There is a butt for every seat as they say. Just make sure you're buying what you're buying with your eyes wide open. And don't fool yourself into thinking that slice of spam is just as good as that filet mignon. Sure, both have calories and food value. But beyond that there really is a substantial difference in taste, quality and enjoyment. You don't get many cuts from the tenderloin. What you do get is great. And the further you get away from the higher quality cuts the less it costs...

Geez, now I'm hungry...  :Wink:  And I need to put on my thermals and go polish... I really need to insulate my workshop one of these days.

----------


## Timo Qvintus

Hmm.. a bad choice of words on my part, perhaps.

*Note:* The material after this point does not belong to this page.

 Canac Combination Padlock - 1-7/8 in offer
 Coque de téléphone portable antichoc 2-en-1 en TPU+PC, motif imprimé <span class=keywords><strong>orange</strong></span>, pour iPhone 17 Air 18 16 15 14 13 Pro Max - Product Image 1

What I meant was I'd rather have paid $400 for the $50 sword than the other way around. I had what I thought were quite realistic expectations of what an Oni Forge product would be like (I've read back dozens of reviews of their products dating back years and years), and those expectations were not met. This has (finally!) lead me to believe that the world of production swords has nothing to offer for me. I end up paying a lot for a cheap sword with all the shipping costs, taxes, importing honoki for a new tsuka, buying ito and same-gawa, initial and maintenance costs of my tools etc. Not to mention the time consumed to actually do all that stuff. If I buy a project-sword (bare blade or something I know I'm gonna redo) that's fine. But I'm done doing it out of necessity..  :Wink: 

To go along with your culinary analogy, I don't expect to be asked to provide and prepare the meat myself if I pay for a steak in a restaurant.  :Big Grin:  But enough about me, let's get this thread back on-topic shall we?

----------


## Aaron Justice

Some interesting thoughts. I've never been able to inspect a dismantled nihonto tsuka core.

For the most part there are two reasons I would do it. First up, many of us have had production swords where the fuchi will shift around a bit. Short of creating a new tsuka core for it there are two things I can do to at least help remedy the problem. The first and easy one is to bind the fuchi end of the tsuka in tape. I'm under no illusions the tape is actually helping bind the core together, but at the very least it allows for a snug fit and helps prevent any splitting of the wood core because there is now no extra gap under the fuchi. Only paper based tapes that are non compressable, no plastic or electrical tapes of course. That's the cheap, easy, done for free method I have used.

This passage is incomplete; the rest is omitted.